Tim Robbins’ Jitterbug Perfume provides the sum total of what I know about perfumery. I have read Perfume too, but didn’t like it, so have blanked whatever it had to say on the subject from my mind. I don’t wear perfume often either – I like it, kind of, but it makes me sneeze and I always feel like I have too much on. I want to like it. I love nice smelling things. My bath and shower collection is immense and I could keep warm for years with the scented candles I own. But perfume eludes me; it seems complicated and easy to get wrong.
The bumpf for Molecule 01 by Escentric Molecules on Cult Beauty is
Escentric Molecules’ Molecule 01 is created solely from the aroma-chemical Iso E Super, traditionally a perfume basenote that adds allure to a scent, which works as more of an effect than a fragrance. The scent has a subtle, velvety, woody note which will meld with your natural pheromones, vanish, then re-surface after some time, making it totally individual and personalised to the wearer. You will rarely smell this fragrance on yourself, Molecule 01 is more about the effect it has on others.
Why it’s cult
Molecule 01 fragrance from Escentric Molecules smells so good, every man, woman & child in a 5-mile radius will wanna know your secret. Remember the old Impulse ads? This is even better. Developed by rising star of the perfume world Geza Shoen, Molecule 01 smells different on everyone, but amazing on everyone, an expert favourite that gives the unique quality of a bespoke fragrance without having to remortgage.
Doesn’t that sound fabulous? Doesn’t that sound absolutely perfect? Magic even?
I will readily admit that I’ve been sucked in by pr and advertising. I always am; I’m Barnum’s ideal woman. The perfume probably does nothing except smell nice every now and then. And who wants a perfume that doesn’t smell?
I do. I love it. It does vanish and re-surface after some time. I adore the initial smell, the inconstantness of it and the fact that I forget I have it on until I get a random waft. It’s not overpowering, I don’t sneeze and I don’t feel like I’m choking passersby. Reader, I’ve drunk the Kool-aid.

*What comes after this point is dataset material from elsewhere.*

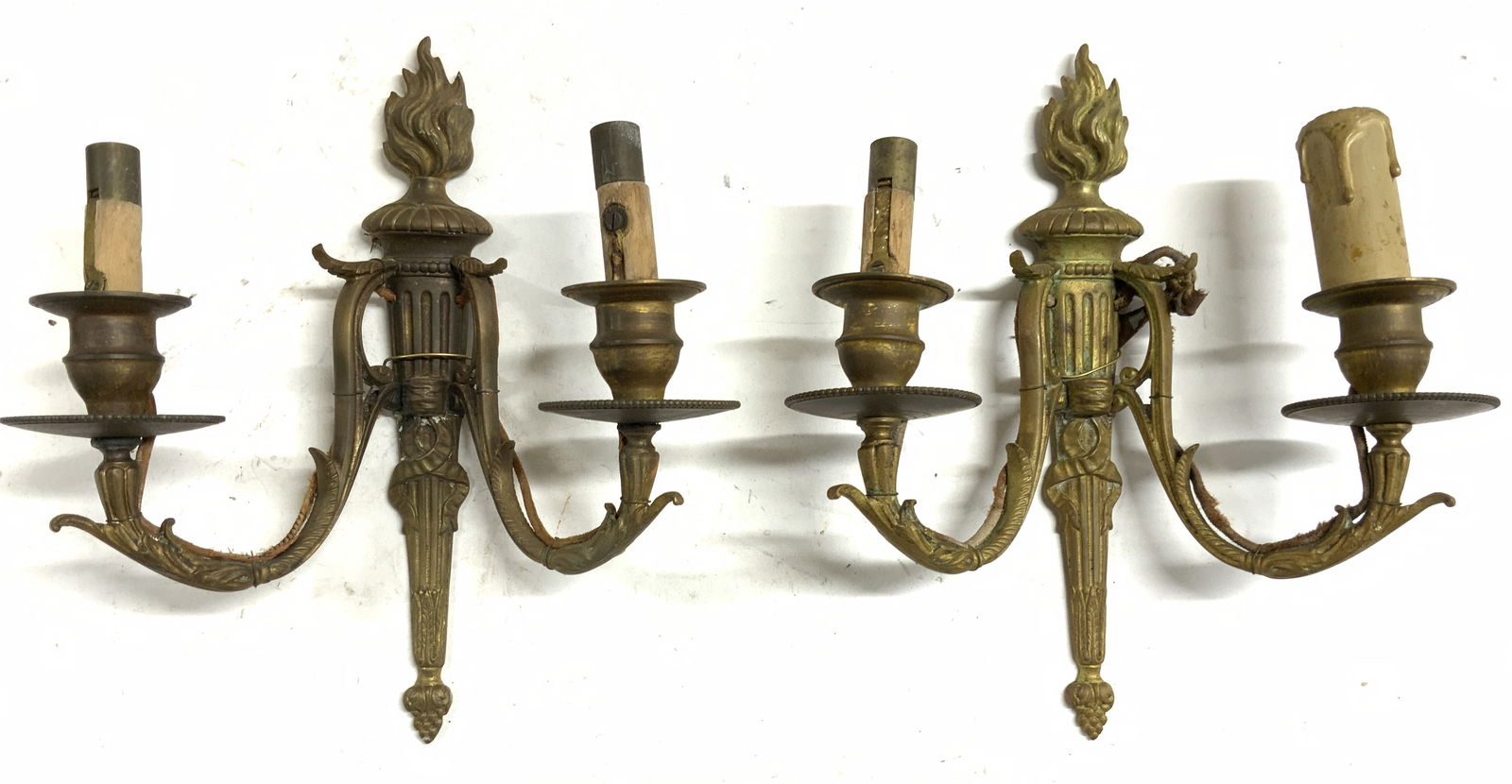 Antq Pair Brass 2 Arm Torchiere Wall Sconces (1 of 8)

I put to you that it doesn’t matter that the hype is most likely pure bullshit (let’s leave a little room for magic here, please) and that I’m simply paying more for what is merely one component of a normal perfume. I enjoy wearing it. I like the ritual of putting on perfume and feel a bit more finished. I feel slyly sexy when I get a whiff of it, even sitting on a bus having a bad hair day. It gives me an instant kick of confidence. I ask you, what else, exactly, is a perfume supposed to do?